Il periodo più felice di Baggio, oltre alla parentesi col Bologna, è stato quello col Brescia, dal 2000 fino al 2004, quando poi lascerà il calcio. È una sua seconda giovinezza, che onorerà con 45 reti in 95 gare. «Dopo l’Inter cercavo una squadra non troppo lontana che mi permettesse di non perdere il contatto con la Nazionale. Avrei potuto andare in Giappone, per una cifra pazzesca, ma l’invito di Carletto Mazzone, un allenatore che purtroppo ho incontrato solo a fine carriera, mi convinse subito. Un uomo unico, schietto, senza complessi, che mi ha fatto riscoprire il piacere di giocare, come quando ero ragazzo. Questi sono gli allenatori bravi, altro che i santoni degli schemi».
Quattro anni straordinari, quelli col Brescia, in cui Baggio diventa leader assoluto, uomo squadra che non solo tira le punizioni e fa gol da cineteca, ma rifinisce, tampona, torna in difesa, fa il capitano. «A Brescia sono definitivamente maturato, grazie alla fiducia e al clima grande collaborazione che si è creato».
L’unico neo, nel 2002, è la mancata convocazione ai Mondiali in Giappone con la nazionale di Trapattoni. Purtroppo per un nuovo infortunio, questa volta al ginocchio sinistro. Baggio fa di tutto per recuperare.

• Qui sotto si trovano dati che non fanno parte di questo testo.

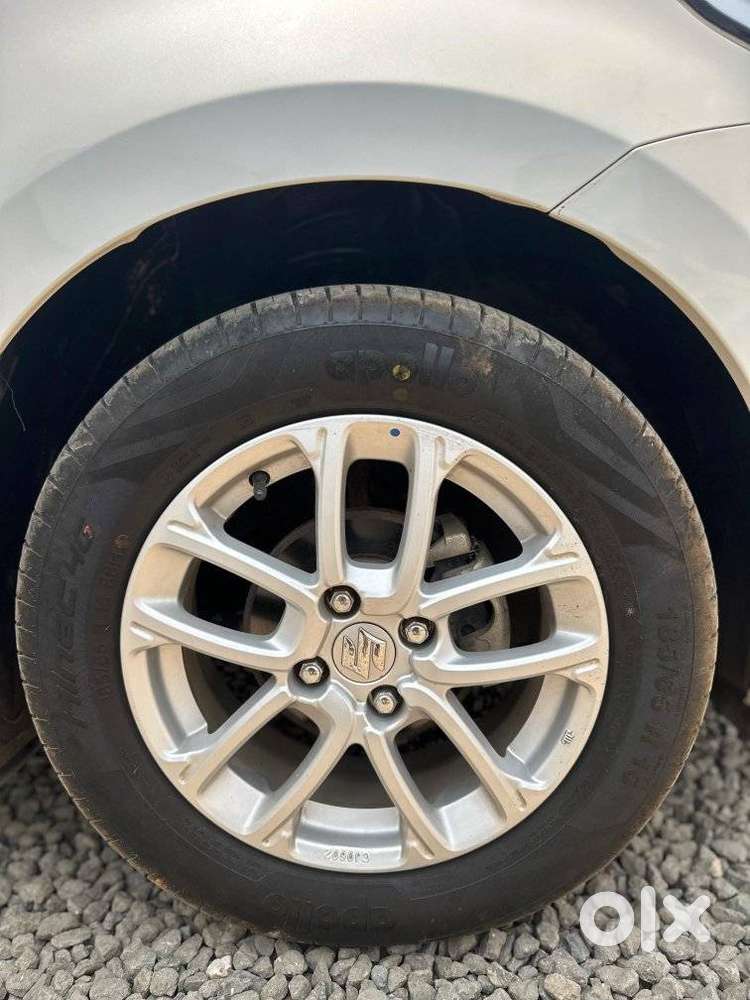 Maruti Suzuki Swift 2018 Zxi Plus, 2019, Petrol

Dopo 76 giorni, un record, è già pronto per giocare. Ma Trapattoni non lo chiama. Una amara delusione che Roberto, questa volta, si mette alle spalle andando in vacanza dove sta bene, in Argentina, la seconda terra del suo cuore.
Per conoscere bene Baggio bisogna capire anche sua passione per la natura, per la caccia che per lui vuol dire di vagare in terre quasi deserte e inesplorate, tra spazi liberi e selvaggi. «Ho una casa di cui sono fierissimo, tra Buenos Aires e la Pampa, per nulla sfarzosa, in una zona fuori dal mondo. Mi addormento in salotto, col fuoco acceso e il piacere di quel calore che alimento prendendo tronchi di eucalipto anche nella notte».
È un Baggio che non ti aspetti, lontano davvero mille miglia dal mondo che conosciamo e dal calcio che conosciamo. Un Baggio cui brillano gli occhi quando parli della sua famiglia e dei suoi figli Valentina e Mattia. Oppure dei suoi amici storici, il manager Vittorio Petrone, Peter e Chelo, con cui condivide tutto, compreso un certo gusto per gli scherzi, alcuni a volte feroci come nel film “Amici miei”.
«Spesso a noi calciatori, alla fine della carriera, chiedono che cosa faremo dopo… Io rispondo: trovare una passione, anche la più semplice. Io sono felice così, in mezzo alla natura, a far lavori con gli amici, a sudare. Molti mi hanno anche chiesto di portare la mia esperienza nel calcio... Ci ho provato, ma quando mi hanno dato un incarico in Federazione, non mi sono sentito a mio agio. Ho provato, ma alla sera non tornavo a casa contento. E quando uno non è contento è meglio che lasci perdere…».